TASK:
Go through the data below and work out how many lines contain "Floral"; the answer is the number alone.
※ ※ ※
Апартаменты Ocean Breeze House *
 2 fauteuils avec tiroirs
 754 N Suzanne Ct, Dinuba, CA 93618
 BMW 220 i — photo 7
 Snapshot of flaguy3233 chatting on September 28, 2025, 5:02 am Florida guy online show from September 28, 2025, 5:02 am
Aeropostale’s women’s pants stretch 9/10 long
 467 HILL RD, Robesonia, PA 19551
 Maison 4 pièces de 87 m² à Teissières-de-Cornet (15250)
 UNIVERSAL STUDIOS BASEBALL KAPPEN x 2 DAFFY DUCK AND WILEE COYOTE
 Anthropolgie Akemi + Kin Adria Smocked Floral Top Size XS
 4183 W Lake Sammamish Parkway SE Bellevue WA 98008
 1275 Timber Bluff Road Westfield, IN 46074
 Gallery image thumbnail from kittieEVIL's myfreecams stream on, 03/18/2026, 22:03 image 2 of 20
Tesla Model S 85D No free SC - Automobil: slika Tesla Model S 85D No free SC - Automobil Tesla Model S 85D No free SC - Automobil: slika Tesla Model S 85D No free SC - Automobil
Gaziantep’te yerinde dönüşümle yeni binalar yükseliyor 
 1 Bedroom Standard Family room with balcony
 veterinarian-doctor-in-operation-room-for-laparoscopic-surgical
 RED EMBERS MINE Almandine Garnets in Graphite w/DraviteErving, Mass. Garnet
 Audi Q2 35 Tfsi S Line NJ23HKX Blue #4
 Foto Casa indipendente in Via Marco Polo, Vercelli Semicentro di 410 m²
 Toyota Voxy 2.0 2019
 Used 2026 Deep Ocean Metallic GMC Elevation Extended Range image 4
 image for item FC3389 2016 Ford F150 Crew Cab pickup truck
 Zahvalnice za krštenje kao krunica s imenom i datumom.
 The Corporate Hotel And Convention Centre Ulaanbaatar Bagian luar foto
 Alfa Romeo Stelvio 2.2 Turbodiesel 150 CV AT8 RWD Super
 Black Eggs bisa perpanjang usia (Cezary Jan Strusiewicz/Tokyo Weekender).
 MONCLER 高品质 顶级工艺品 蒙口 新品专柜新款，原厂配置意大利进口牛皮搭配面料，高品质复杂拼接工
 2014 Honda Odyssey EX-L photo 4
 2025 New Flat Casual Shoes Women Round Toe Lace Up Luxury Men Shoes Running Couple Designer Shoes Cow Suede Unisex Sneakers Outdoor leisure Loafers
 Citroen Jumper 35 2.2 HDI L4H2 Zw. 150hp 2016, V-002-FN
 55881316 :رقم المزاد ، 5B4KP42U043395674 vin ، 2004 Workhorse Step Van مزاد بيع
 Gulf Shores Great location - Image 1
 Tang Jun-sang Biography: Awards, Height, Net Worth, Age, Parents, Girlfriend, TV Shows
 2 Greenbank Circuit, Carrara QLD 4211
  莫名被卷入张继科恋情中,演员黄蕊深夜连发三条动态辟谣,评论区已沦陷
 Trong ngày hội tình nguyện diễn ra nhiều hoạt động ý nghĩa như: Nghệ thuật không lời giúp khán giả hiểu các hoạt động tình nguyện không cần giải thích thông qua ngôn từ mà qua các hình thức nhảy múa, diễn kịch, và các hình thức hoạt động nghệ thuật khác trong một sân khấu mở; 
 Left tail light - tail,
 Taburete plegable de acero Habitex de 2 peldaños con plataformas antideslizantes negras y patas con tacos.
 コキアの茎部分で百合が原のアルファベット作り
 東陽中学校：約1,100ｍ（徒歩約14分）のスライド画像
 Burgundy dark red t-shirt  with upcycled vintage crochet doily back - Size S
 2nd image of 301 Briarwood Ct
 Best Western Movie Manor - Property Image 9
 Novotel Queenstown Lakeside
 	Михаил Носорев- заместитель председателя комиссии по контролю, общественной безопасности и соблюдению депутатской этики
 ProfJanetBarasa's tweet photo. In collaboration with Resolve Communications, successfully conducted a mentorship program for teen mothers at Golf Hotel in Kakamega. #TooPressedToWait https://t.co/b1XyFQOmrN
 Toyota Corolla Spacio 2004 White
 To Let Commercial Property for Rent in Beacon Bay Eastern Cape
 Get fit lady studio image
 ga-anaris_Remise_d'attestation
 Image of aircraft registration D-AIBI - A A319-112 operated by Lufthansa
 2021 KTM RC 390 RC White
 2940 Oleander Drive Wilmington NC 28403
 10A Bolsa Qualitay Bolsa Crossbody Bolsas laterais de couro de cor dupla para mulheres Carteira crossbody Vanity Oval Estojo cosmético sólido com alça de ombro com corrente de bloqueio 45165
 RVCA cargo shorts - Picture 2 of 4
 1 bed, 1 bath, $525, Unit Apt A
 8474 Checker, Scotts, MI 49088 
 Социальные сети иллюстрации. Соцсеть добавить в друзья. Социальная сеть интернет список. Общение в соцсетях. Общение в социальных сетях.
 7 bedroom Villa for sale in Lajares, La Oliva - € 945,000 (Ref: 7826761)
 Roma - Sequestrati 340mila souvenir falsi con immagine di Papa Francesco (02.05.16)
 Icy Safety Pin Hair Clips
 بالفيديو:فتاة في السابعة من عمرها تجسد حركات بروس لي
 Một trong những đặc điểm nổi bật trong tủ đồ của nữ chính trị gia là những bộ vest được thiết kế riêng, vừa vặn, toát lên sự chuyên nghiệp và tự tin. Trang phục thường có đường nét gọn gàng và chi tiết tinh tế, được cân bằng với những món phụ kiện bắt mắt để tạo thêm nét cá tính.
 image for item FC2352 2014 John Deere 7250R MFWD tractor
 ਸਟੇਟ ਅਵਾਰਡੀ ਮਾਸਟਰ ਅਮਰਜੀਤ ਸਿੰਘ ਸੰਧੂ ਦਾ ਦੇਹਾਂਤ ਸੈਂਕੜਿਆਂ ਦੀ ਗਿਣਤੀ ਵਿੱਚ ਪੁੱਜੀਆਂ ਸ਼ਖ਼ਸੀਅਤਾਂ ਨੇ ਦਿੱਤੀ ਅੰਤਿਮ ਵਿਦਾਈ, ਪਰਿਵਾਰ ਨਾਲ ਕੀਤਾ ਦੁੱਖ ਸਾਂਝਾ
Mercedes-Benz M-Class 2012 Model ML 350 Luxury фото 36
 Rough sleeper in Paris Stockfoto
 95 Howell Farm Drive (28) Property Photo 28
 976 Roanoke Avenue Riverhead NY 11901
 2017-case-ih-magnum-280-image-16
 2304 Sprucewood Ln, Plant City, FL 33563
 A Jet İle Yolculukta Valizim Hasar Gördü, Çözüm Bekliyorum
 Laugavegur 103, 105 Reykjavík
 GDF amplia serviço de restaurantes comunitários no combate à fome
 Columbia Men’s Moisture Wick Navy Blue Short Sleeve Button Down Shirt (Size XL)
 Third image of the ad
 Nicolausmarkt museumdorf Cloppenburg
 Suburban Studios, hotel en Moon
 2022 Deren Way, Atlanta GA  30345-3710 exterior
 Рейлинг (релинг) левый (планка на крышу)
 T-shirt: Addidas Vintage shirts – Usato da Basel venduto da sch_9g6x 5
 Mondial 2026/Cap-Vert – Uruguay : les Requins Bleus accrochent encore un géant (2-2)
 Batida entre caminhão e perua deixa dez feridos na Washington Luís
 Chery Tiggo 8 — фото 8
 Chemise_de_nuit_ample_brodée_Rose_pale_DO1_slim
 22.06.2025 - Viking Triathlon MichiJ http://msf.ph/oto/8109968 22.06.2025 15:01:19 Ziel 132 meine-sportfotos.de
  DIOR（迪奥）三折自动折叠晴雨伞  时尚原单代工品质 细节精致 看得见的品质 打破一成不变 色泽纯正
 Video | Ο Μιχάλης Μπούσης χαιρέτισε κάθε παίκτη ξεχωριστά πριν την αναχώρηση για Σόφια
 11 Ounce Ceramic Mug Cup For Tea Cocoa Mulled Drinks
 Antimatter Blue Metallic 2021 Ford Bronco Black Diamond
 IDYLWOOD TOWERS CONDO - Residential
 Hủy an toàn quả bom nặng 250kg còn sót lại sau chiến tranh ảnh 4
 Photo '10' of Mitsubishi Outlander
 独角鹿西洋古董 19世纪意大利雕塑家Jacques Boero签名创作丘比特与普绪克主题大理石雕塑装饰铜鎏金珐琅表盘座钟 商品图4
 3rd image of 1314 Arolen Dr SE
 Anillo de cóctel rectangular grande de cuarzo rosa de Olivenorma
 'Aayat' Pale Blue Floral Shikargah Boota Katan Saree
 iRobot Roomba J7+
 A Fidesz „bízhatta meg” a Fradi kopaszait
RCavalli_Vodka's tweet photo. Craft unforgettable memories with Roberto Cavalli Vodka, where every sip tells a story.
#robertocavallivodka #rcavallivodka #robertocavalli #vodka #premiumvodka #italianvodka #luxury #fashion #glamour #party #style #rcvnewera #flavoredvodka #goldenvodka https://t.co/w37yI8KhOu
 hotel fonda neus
※ ※ ※
RESPONSE:
2